As a writer or a director, your project can only benefit from your anticipating the same considerations your Editor will eventually be confronted with: Have you put the story in context and adequately conveyed the underlying mood? Have you left sufficient white space to allow your audience to think and feel? (I loved the concept of the "echo line" - reverberating from one scene and lingering into the next). Have you varied the length, intensity and mood of your scenes to achieve the right overall rhythm?
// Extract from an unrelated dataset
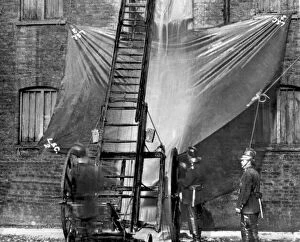 Images Dated 13th October 2011: London Salvage Corps at work with salvage sheets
Should you withhold, behold, tease or please? ;-)
Just as actors analyze scripts to determine where their character was before they came into the scene (so they can come on camera "in the moment"), Bays encourages his Readers to consider their characters' movement through geography to express each character's internal journey (without the pace lagging - unless you want it to!).
Writers usually have a very specific reason for why they chose to set a scene in a specific locale, but this book analyzes why a Director might creatively change some of those all critical locations, the time, weather, etc. (other than just budgetary or logistical constraints) - and encourages Writers to preconceive these creative juxtapositions. Most writers and directors are adept at using binary oppositions to achieve contrast but all too many forget (or don't have the patience) to stay that extra beat to capture critical character reactions. This book illustrates why all of these are so critical to multimedia storytelling.
We've all heard that a film is created three times: once when it is written (the whole story world created by the screenwriter), then when it is shot (what the Actors but especially the Director bring to capture the essence of moments in the lens) then finally, when the Editor puzzles together the pieces of the best of what was shot. And (if you're lucky), a great producer can also contribute immeasurably during development). In his "Between the Scenes," Jeffrey Michael Bays gives all three key phase leaders a great deal to consider when plying their craft - be it for film or Televison, on the screen or even still on the script page - as to how to connect their audience with a new character, relieve or build tension - and ultimately: emotionally and intellectually engage their audience.